### DATASET
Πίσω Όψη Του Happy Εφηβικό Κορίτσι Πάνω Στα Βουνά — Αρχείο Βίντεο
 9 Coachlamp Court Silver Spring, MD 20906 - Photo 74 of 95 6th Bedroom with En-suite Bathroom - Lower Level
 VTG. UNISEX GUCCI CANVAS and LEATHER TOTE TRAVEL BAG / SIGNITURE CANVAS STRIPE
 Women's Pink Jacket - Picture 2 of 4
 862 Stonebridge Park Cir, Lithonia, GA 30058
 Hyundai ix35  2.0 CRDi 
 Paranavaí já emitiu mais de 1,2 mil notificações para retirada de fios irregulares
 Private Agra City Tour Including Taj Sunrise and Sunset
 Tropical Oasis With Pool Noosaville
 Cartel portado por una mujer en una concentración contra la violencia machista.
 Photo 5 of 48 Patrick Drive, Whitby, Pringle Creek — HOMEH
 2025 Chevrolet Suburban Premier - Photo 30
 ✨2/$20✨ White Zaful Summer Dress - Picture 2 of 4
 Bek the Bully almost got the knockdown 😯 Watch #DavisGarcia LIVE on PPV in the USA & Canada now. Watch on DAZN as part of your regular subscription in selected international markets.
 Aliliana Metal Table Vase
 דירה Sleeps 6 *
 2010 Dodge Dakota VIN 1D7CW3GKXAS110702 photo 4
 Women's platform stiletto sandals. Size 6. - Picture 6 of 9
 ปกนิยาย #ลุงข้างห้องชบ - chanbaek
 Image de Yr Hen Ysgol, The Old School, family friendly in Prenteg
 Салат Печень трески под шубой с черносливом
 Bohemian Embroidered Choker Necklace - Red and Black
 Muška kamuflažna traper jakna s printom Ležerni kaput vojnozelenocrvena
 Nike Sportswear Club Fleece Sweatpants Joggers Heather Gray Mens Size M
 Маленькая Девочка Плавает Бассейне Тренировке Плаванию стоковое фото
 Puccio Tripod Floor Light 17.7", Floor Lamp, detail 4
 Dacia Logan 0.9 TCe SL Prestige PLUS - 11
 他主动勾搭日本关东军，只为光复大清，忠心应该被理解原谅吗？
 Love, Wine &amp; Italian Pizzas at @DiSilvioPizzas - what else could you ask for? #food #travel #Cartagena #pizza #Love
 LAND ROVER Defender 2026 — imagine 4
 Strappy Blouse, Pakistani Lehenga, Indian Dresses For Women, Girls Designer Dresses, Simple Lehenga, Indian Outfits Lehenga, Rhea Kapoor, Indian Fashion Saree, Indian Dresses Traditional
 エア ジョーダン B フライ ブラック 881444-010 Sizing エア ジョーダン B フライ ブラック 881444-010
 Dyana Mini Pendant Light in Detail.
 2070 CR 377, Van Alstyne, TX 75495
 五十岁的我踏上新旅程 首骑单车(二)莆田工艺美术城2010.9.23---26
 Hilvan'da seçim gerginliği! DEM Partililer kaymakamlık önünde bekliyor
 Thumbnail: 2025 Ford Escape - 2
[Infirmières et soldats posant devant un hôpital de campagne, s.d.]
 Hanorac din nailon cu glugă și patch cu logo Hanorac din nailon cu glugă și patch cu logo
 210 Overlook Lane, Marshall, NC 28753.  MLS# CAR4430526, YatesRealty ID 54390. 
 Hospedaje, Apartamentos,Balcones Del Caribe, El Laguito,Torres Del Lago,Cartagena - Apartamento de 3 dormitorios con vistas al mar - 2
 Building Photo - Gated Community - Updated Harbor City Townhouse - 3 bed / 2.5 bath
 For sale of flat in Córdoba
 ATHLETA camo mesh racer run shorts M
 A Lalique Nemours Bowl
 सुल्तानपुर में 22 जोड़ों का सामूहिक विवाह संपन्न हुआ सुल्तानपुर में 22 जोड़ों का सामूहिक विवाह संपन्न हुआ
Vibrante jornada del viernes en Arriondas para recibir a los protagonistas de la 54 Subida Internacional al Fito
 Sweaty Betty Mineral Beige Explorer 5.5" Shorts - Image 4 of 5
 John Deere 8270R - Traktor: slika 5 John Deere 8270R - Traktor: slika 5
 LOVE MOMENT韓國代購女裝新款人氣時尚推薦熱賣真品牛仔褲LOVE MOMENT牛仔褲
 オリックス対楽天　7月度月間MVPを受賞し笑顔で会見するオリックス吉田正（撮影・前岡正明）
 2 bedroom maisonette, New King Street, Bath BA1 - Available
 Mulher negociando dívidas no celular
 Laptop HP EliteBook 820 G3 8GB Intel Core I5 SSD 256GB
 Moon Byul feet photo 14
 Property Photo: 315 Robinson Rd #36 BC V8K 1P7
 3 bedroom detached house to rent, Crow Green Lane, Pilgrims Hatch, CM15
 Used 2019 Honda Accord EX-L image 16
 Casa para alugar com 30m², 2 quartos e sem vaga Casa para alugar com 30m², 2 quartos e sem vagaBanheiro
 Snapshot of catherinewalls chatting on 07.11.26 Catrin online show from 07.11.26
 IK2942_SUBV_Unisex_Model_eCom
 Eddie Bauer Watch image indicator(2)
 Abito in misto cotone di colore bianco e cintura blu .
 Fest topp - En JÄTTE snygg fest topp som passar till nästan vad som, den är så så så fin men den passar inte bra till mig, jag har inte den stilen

### PROBLEM DESCRIPTION
Repeat the data above, word for word.

### OUTPUT BELOW
Πίσω Όψη Του Happy Εφηβικό Κορίτσι Πάνω Στα Βουνά — Αρχείο Βίντεο
 9 Coachlamp Court Silver Spring, MD 20906 - Photo 74 of 95 6th Bedroom with En-suite Bathroom - Lower Level
 VTG. UNISEX GUCCI CANVAS and LEATHER TOTE TRAVEL BAG / SIGNITURE CANVAS STRIPE
 Women's Pink Jacket - Picture 2 of 4
 862 Stonebridge Park Cir, Lithonia, GA 30058
 Hyundai ix35  2.0 CRDi 
 Paranavaí já emitiu mais de 1,2 mil notificações para retirada de fios irregulares
 Private Agra City Tour Including Taj Sunrise and Sunset
 Tropical Oasis With Pool Noosaville
 Cartel portado por una mujer en una concentración contra la violencia machista.
 Photo 5 of 48 Patrick Drive, Whitby, Pringle Creek — HOMEH
 2025 Chevrolet Suburban Premier - Photo 30
 ✨2/$20✨ White Zaful Summer Dress - Picture 2 of 4
 Bek the Bully almost got the knockdown 😯 Watch #DavisGarcia LIVE on PPV in the USA & Canada now. Watch on DAZN as part of your regular subscription in selected international markets.
 Aliliana Metal Table Vase
 דירה Sleeps 6 *
 2010 Dodge Dakota VIN 1D7CW3GKXAS110702 photo 4
 Women's platform stiletto sandals. Size 6. - Picture 6 of 9
 ปกนิยาย #ลุงข้างห้องชบ - chanbaek
 Image de Yr Hen Ysgol, The Old School, family friendly in Prenteg
 Салат Печень трески под шубой с черносливом
 Bohemian Embroidered Choker Necklace - Red and Black
 Muška kamuflažna traper jakna s printom Ležerni kaput vojnozelenocrvena
 Nike Sportswear Club Fleece Sweatpants Joggers Heather Gray Mens Size M
 Маленькая Девочка Плавает Бассейне Тренировке Плаванию стоковое фото
 Puccio Tripod Floor Light 17.7", Floor Lamp, detail 4
 Dacia Logan 0.9 TCe SL Prestige PLUS - 11
 他主动勾搭日本关东军，只为光复大清，忠心应该被理解原谅吗？
 Love, Wine &amp; Italian Pizzas at @DiSilvioPizzas - what else could you ask for? #food #travel #Cartagena #pizza #Love
 LAND ROVER Defender 2026 — imagine 4
 Strappy Blouse, Pakistani Lehenga, Indian Dresses For Women, Girls Designer Dresses, Simple Lehenga, Indian Outfits Lehenga, Rhea Kapoor, Indian Fashion Saree, Indian Dresses Traditional
 エア ジョーダン B フライ ブラック 881444-010 Sizing エア ジョーダン B フライ ブラック 881444-010
 Dyana Mini Pendant Light in Detail.
 2070 CR 377, Van Alstyne, TX 75495
 五十岁的我踏上新旅程 首骑单车(二)莆田工艺美术城2010.9.23---26
 Hilvan'da seçim gerginliği! DEM Partililer kaymakamlık önünde bekliyor
 Thumbnail: 2025 Ford Escape - 2
[Infirmières et soldats posant devant un hôpital de campagne, s.d.]
 Hanorac din nailon cu glugă și patch cu logo Hanorac din nailon cu glugă și patch cu logo
 210 Overlook Lane, Marshall, NC 28753.  MLS# CAR4430526, YatesRealty ID 54390. 
 Hospedaje, Apartamentos,Balcones Del Caribe, El Laguito,Torres Del Lago,Cartagena - Apartamento de 3 dormitorios con vistas al mar - 2
 Building Photo - Gated Community - Updated Harbor City Townhouse - 3 bed / 2.5 bath
 For sale of flat in Córdoba
 ATHLETA camo mesh racer run shorts M
 A Lalique Nemours Bowl
 सुल्तानपुर में 22 जोड़ों का सामूहिक विवाह संपन्न हुआ सुल्तानपुर में 22 जोड़ों का सामूहिक विवाह संपन्न हुआ
Vibrante jornada del viernes en Arriondas para recibir a los protagonistas de la 54 Subida Internacional al Fito
 Sweaty Betty Mineral Beige Explorer 5.5" Shorts - Image 4 of 5
 John Deere 8270R - Traktor: slika 5 John Deere 8270R - Traktor: slika 5
 LOVE MOMENT韓國代購女裝新款人氣時尚推薦熱賣真品牛仔褲LOVE MOMENT牛仔褲
 オリックス対楽天　7月度月間MVPを受賞し笑顔で会見するオリックス吉田正（撮影・前岡正明）
 2 bedroom maisonette, New King Street, Bath BA1 - Available
 Mulher negociando dívidas no celular
 Laptop HP EliteBook 820 G3 8GB Intel Core I5 SSD 256GB
 Moon Byul feet photo 14
 Property Photo: 315 Robinson Rd #36 BC V8K 1P7
 3 bedroom detached house to rent, Crow Green Lane, Pilgrims Hatch, CM15
 Used 2019 Honda Accord EX-L image 16
 Casa para alugar com 30m², 2 quartos e sem vaga Casa para alugar com 30m², 2 quartos e sem vagaBanheiro
 Snapshot of catherinewalls chatting on 07.11.26 Catrin online show from 07.11.26
 IK2942_SUBV_Unisex_Model_eCom
 Eddie Bauer Watch image indicator(2)
 Abito in misto cotone di colore bianco e cintura blu .
 Fest topp - En JÄTTE snygg fest topp som passar till nästan vad som, den är så så så fin men den passar inte bra till mig, jag har inte den stilen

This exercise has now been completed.